This is a classic comics blog, but modern goings-on will often find their way into the discussion here—or more accurately, I will drag them into the discussion, wisely or unwisely. I was just finalizing my next “When Spidey Jumped the Shark” post last week (scheduled for publication on June 13) when fan rumblings regarding the latest Pete-Mary Jane drama in Amazing Spider-Man started getting loud again. As mentioned at least once before here, the big storyline in ASM these days involves the mystery of what drove Pete and MJ apart, how she ended up with this guy Paul, where did their kids come from, and how did Pete/Spidey manage to alienate all his friends? Well, much (if not everything) has since been revealed.
The bare basics (revealed in the twenty-fifth issue of the most recent series) are this: Mary Jane got sucked up into another dimension and cut off from Pete. Desperate to free her, Pete/Spidey abuses all his friends and allies as he tries to put together what he needs to rescue her. Time passes differently in this other dimension, so by the time Pete busts her out, years have passed for her. During this time, MJ got together with this Paul guy and made a family with him. (It’s still not clear to me if the kids are biologically his, theirs, or otherwise.) For more details, click here.
The only reason I know all this is because related articles and stories keep popping up in my news feed suggestions and I can’t resist peeking. I swear I don’t go looking for this stuff. It has also popped up often on my YouTube feed, with comic fans putting out videos detailing how much they hate this story line and how stupid they think it is. Most often the talk boils down to something along the lines of “they ruined Spider-Man.”
This talk then almost always leads to “actually, they ruined Spider-Man with ‘One More Day’ back in ’07.” Or in other words, Spidey jumped the shark in 2007. The shark-jumping conversation (even if no one else is phrasing it this way) is what I thought it made it relevant fodder for the blog at this particular time.
It’s all about perspective. If you’re thirty-something years old, your fandom likely began with Pete and MJ already well established as being married. Things only went sour for you when “One More Day” broke them up. From my point of view, the idea that things only went bad fifteen years ago is ludicrous; they went bad much farther back than this. But hey, again, all about perspective, right?
For Baby Boomers, Spidey jumped the shark with Gwen’s death. For Xers, it was probably the utterly awful clone saga of the 1990s. Now for Millennials it’s “One More Day.” And then it will be something else for whatever label they slap on the next generation. Personally, I’m an Xer who supports Gwen’s death as the shark jumper because I went back and read all the old stories and developed great love and respect for Stan Lee’s Spidey as the best version of the character; I’m likely an outlier for my generation. That 90s clone stuff did drive me to quit buying new Spider-Man comics at the time, however.

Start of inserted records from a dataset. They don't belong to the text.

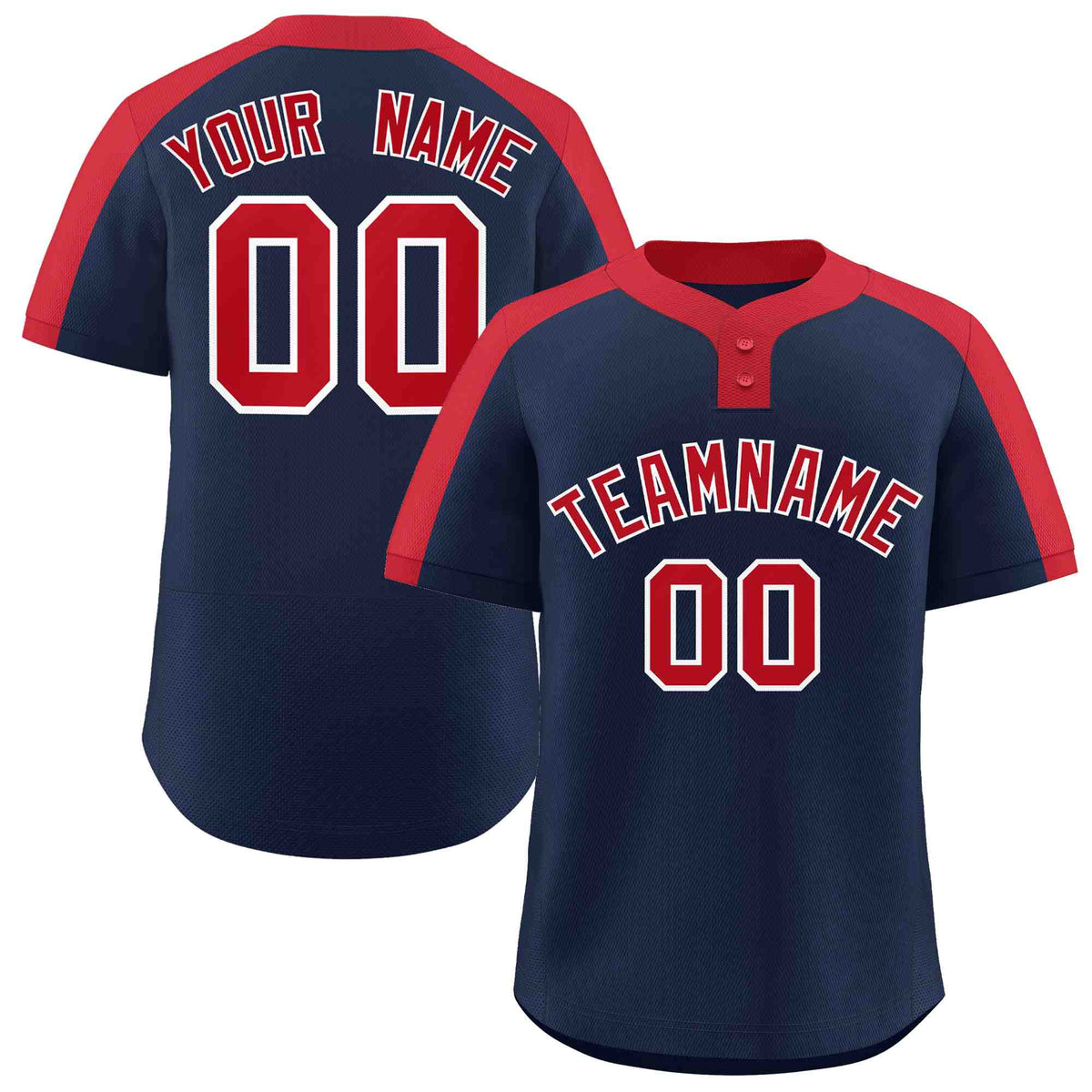 Custom Navy Red-White Classic Style Authentic Two-Button Baseball Jersey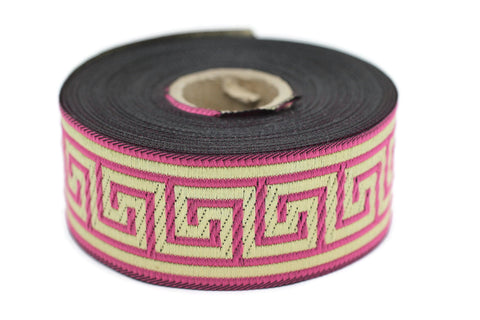 35 mm Pink Greek Key ribbons (1.37 inches), ribbon trim, otantic ribbon, jacquard ribbons, vintage trim, geometric ribbons, 35062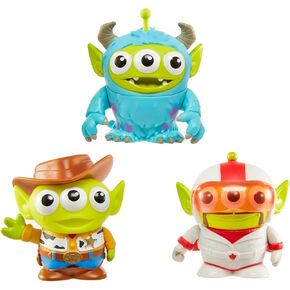 Mattel Toy Story 4 Alien Remix 3-Pack Duke Caboom, Sulley & Woody 3-in Mashup Character Figures in a Pizza Box Package, Toy Story 4 Movie Collector Toys, Gift Ages 6 Years & Up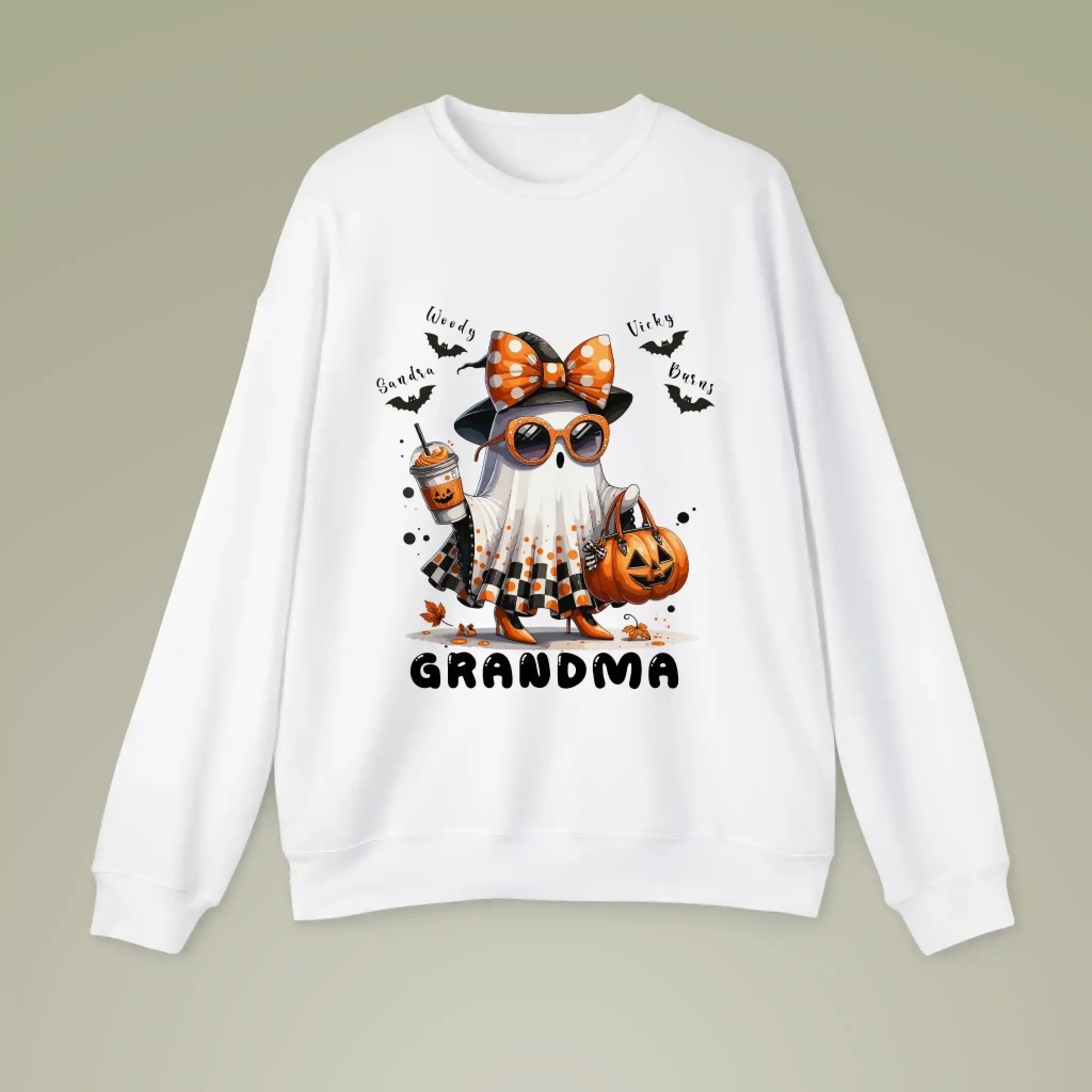 Grandma Halloween Sweatshirts - Cute Funny Ghost Halloween Sweatshirt For Women (1)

Another thing that’s got people’s stomachs in knots is the anticipation that Mary Jane will die by the end of this story line. This is also timely and blog-connected because I’ve just been talking about how they remade Mary Jane into Gwen after the latter’s death in ASM #121. Now they just might make the transformation complete if they wind up killing off MJ as a sales stunt.
Let me take the opportunity to give Marvel some free advice here (not that they’ll ever take it or even read or hear about it): killing off the love of Spider-Man’s life is not a healthy creative strategy. It’s not even a healthy business strategy, at least not long term. It would be better for everyone concerned if you just got away from doing this kinda stuff.

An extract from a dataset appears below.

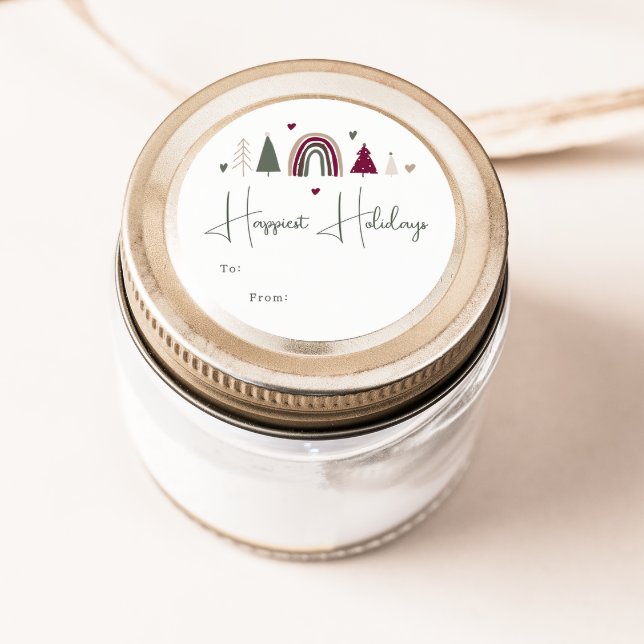 Boho Rainbow and Hearts Happiest Holidays To From Classic Round Sticker (Creator Uploaded)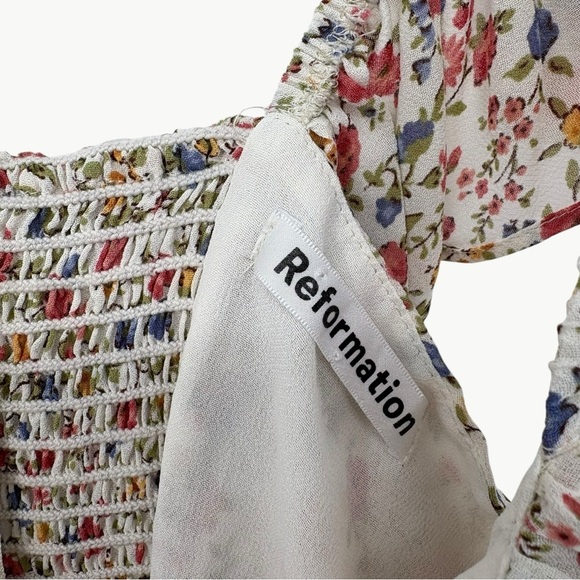 Reformation Paris Floral Ruffle Mini Dress Size 6 Cream Sweetheart A Line - Picture 13 of 14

I’m imagining a world where we get fun, entertaining Spidey comics without any sales stunts or gimmicks. A world where comics bring us joy, and maybe every now and then, say something a bit deeper; offer us something with some artistic aspirations. For quite a while now, it seems like fans get their entertainment from debating and discussing how bad the comics are.
Just look at those YouTube videos, Marvel. Yes, if fans are hate-buying and hate-reading they’re still buying, you’re still getting their money, so what do you care? But is there really much of a future in this? Wouldn’t you rather have your readers buzzing over how good the stories are? Now that would be a creative strategy with a future. Or so I would think.
SAME DAY UPDATE/EDIT: I scheduled this post for publication yesterday afternoon, and then news broke last night. Entertainment Weekly spoiled Amazing Spider-Man #26, revealing that Kamala Khan would be the character dying. No one expects this to stick, since the character plays a big role in the upcoming Marvels film, as well as seeming likely to return for a second season of her Disney Plus show. This death façade is likely a pretext for changing the comic-book version of the character to better match the MCU version. That’s modern comics for you people—now you know why I prefer the old stuff.